[Opening Supplied information section]

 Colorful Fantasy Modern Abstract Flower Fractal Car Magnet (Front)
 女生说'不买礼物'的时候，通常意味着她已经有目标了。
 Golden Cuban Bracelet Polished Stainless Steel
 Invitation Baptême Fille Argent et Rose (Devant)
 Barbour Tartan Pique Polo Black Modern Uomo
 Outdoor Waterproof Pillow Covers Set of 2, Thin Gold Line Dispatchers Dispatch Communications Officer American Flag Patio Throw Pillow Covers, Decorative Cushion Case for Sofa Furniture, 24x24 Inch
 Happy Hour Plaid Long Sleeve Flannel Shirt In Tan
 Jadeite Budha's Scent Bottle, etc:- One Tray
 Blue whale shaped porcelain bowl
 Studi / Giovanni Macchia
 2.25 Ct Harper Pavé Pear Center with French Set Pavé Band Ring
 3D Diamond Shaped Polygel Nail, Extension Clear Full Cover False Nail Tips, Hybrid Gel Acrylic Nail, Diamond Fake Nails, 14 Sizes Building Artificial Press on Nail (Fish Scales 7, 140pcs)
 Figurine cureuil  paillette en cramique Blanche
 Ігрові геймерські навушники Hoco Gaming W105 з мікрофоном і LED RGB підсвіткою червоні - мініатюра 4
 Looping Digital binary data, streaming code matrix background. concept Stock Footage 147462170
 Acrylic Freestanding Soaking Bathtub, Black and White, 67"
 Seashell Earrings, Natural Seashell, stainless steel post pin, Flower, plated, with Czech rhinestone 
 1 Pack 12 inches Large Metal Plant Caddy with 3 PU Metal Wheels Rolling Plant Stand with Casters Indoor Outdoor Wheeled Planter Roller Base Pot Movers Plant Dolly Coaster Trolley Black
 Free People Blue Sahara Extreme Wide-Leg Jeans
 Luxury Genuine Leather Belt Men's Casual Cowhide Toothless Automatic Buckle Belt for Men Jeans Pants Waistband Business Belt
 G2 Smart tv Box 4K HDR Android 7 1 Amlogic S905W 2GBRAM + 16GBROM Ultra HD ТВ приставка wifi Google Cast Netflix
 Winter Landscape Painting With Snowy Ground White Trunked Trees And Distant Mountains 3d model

[Closing Supplied information section]

*Task directions*: Could you return every line from the entries above in which the string "Acrylic" occurs?

*Expected answer*:
 3D Diamond Shaped Polygel Nail, Extension Clear Full Cover False Nail Tips, Hybrid Gel Acrylic Nail, Diamond Fake Nails, 14 Sizes Building Artificial Press on Nail (Fish Scales 7, 140pcs)
 Acrylic Freestanding Soaking Bathtub, Black and White, 67"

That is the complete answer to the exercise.